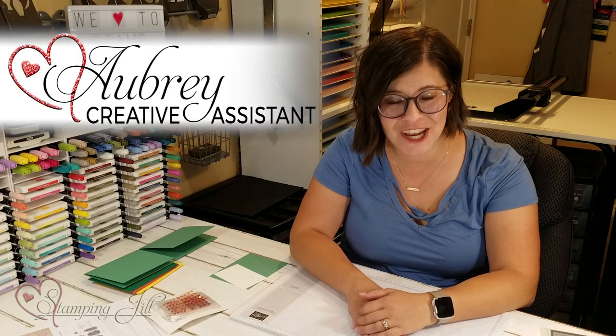Hey Stampers! Welcome to another week of Watch It Weekly Wednesday. I'm Aubrey, part of the Stampin' Jill creative team, and today I'm excited to share with you some of my favorite products from the new annual catalog.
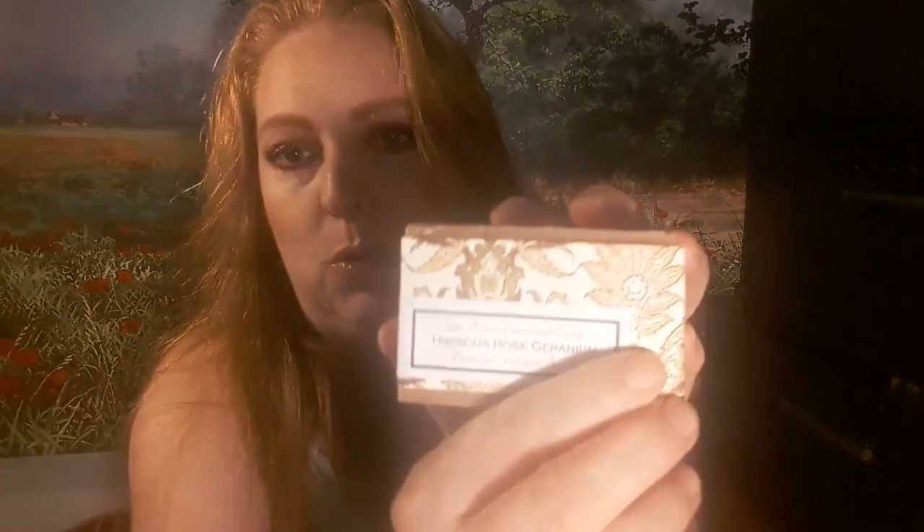Inside we have a soy wax candle, which is really nice because they burn slow. It has a nice vanilla fresh scent. It says never burn near anything that can catch fire — well, thank you for that warning!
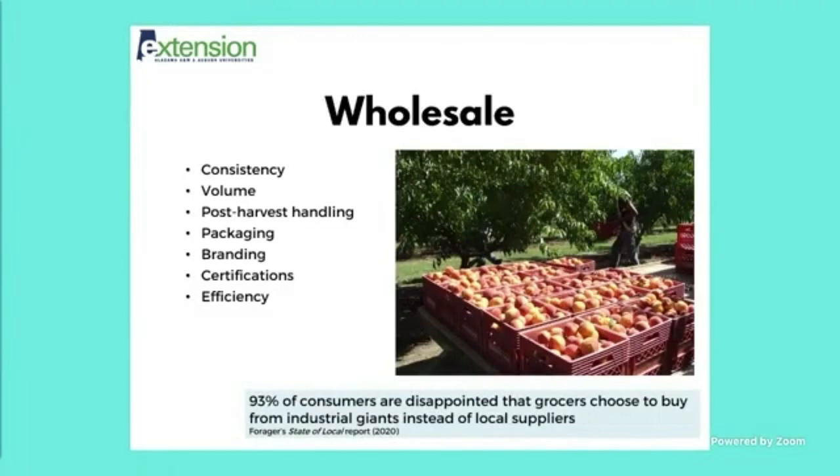A report called the State of Local Report done by Forager surveyed consumers that shop primarily in grocery stores and found that 93% of those consumers are disappointed that grocery stores choose to buy from industrial giants instead of local suppliers. That just goes to show that consumers are looking for local supplies in their grocery stores. When you're selling wholesale, you're adding convenience for the consumer — they're already buying in a place where they purchase 90% of their other home goods.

§ **Prompt**
Everything in the data except the pictures should be restated word for word.

§ **Response to this exercise**
Hey Stampers! Welcome to another week of Watch It Weekly Wednesday. I'm Aubrey, part of the Stampin' Jill creative team, and today I'm excited to share with you some of my favorite products from the new annual catalog.
Inside we have a soy wax candle, which is really nice because they burn slow. It has a nice vanilla fresh scent. It says never burn near anything that can catch fire — well, thank you for that warning!
A report called the State of Local Report done by Forager surveyed consumers that shop primarily in grocery stores and found that 93% of those consumers are disappointed that grocery stores choose to buy from industrial giants instead of local suppliers. That just goes to show that consumers are looking for local supplies in their grocery stores. When you're selling wholesale, you're adding convenience for the consumer — they're already buying in a place where they purchase 90% of their other home goods.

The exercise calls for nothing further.